Hulu’s Up Here is a unique musical television series set during the final days of 1999. Throughout the show, characters have recurring fears about the beginning of a new century, including the infamous Y2K and their fashion styles progressively represent that new era. For costume designer Nicky Smith, what was most important for the design of the main characters, Lindsay (Mae Whitman) and Miguel (Carlos Valdes), was to follow how they would progress into the story:
“In the show, we are following the trajectory of two very different people. Throughout the episodes, Lindsay is finding herself. As she gets closer to New Year’s, she is actually coming more into herself, so her coasts become more vibrant, and we get more of the styles that we associate with the late ’90s, which become much more prevalent in her wardrobe. For Miguel, we got more into a quintessential business look of the ’90s.
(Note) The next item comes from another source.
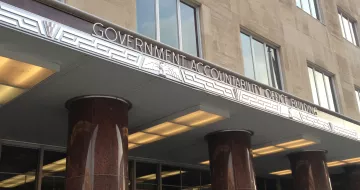 GAO Building Front Entrance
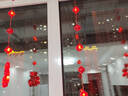 嘉德朗新年装饰彩灯氛围灯带红灯笼串灯led福字灯串春节过年阳台窗帘灯 3米110灯 8种闪灯+可串联尾插 实拍图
We want to push them further to what we, as an audience, remember of the more traditional late ’90s silhouette.
Between episodes four and five, Lindsay starts to find her personal style, whereas, in the beginning, she is wearing sad, long cardigans, which we then replay in a later scene for “You Got to Be You”. We really asked ourselves how we could explore the silhouette in the late ’90s and what we think these characters were like.
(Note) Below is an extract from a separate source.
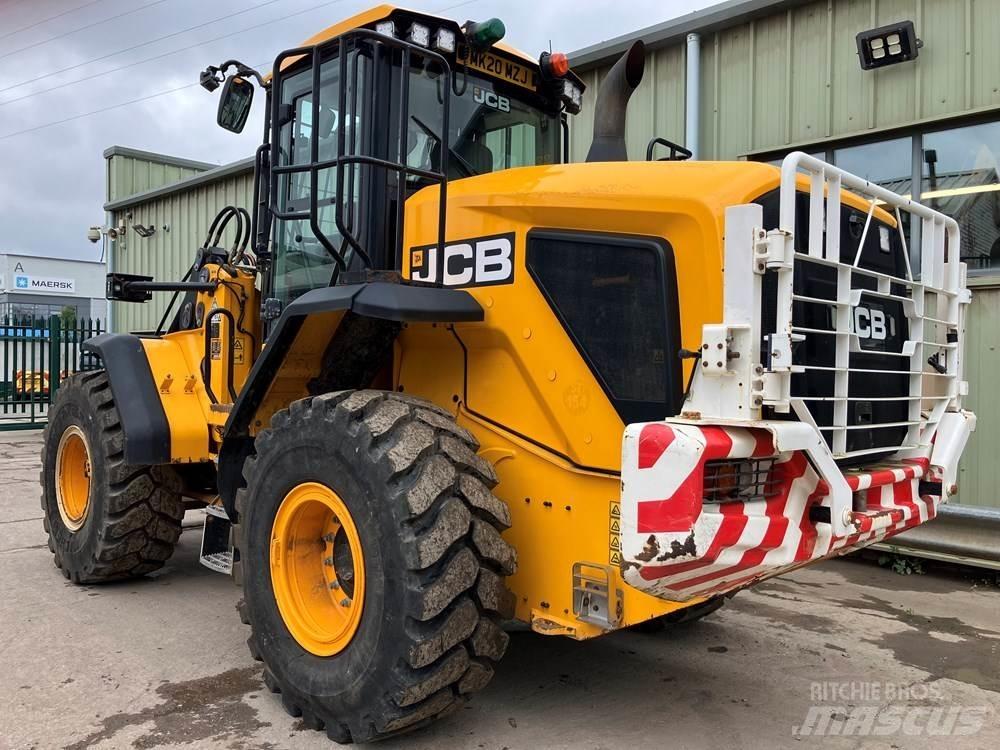 JCB 437 Naudoti ratiniai krautuvai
At the beginning of the show, Miguel’s banking suits had a little more color and panache. And as he assimilated himself to be a lot more like the other bankers, we took it down to Shades of Grey, and more traditional vintage shoots like Ferragamo and Armani, trying to create that edgy banker look.”
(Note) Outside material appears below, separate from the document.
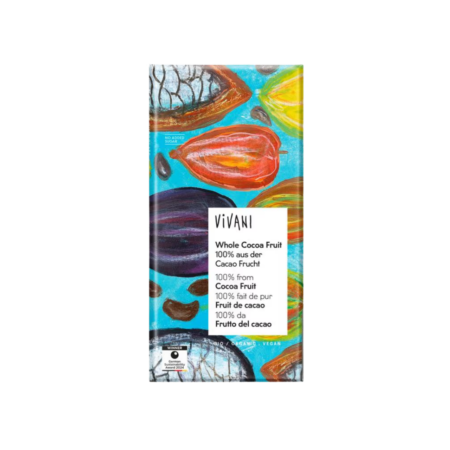 chocolade puur whole cacao fruit vivani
Since the show is a musical, many costume changes occur from scene to scene, especially when the protagonists break into song and dance. For Smith, many challenges can occur “whenever you’re dealing with a musical with singing and dancing” because “you’re dealing with a different action set, and the clothes need to give the actors the freedom to do that.”
“We ensured it was heightened realism in a couple of the numbers. In other ones, like “So Many Ways,” we totally wanted to flip the script around Miguel and pull him out of his reality. When it came down to numbers requiring a pull from reality or a total ship, we designed them to feel like a standalone number. When we wanted the numbers to flow seamlessly through the action and through the dialogue, there was less of a shift in the costume design.”
The show doesn’t only stay in late 1990s costume designs but has fun crafting a period The Great Gatsby-themed costume party. In designing 1920s-esque costumes, Smith “thought it would be interesting to find dresses and suits from the ’90s that had that a 1920s look to them. There was a time when, in the 1990s, 1920s attire was a thing that proms and formal meetings were doing. I wanted to incorporate ’90s clothes designed to look like ’20s clothes for the wedding so that it could feel connected to the show while also being a heightened moment on the edge of their reality.”
The show also has an inventive drug trip sequence in which Miguel becomes the character from the video game Cyprian’s Quest, which he helped create. In designing the video game sequence costumes, Smith “started with the art department of who we want these characters to be in the 2D video game version, so the developers can create the video game. I took the same sketches and created the costumes. Miguel’s suit of armor is actually a foam suit painted by one of the most talented 3D sculpture artists out there in New York.
He created his armor and the leather body that you see, even the chainmail. We built Cyprian’s cape and cloak in-house with my tailor, who is also from theater. He used every trick in the book to create the gold trim and the gold leaf. We chose fabrics with some dimension, so they wouldn’t look flat on camera. We were trying to ensure we didn’t mimic The Legend of Zelda and many of the early ’90s video games. We wanted to create something that felt similar but still had its own distinct entity.”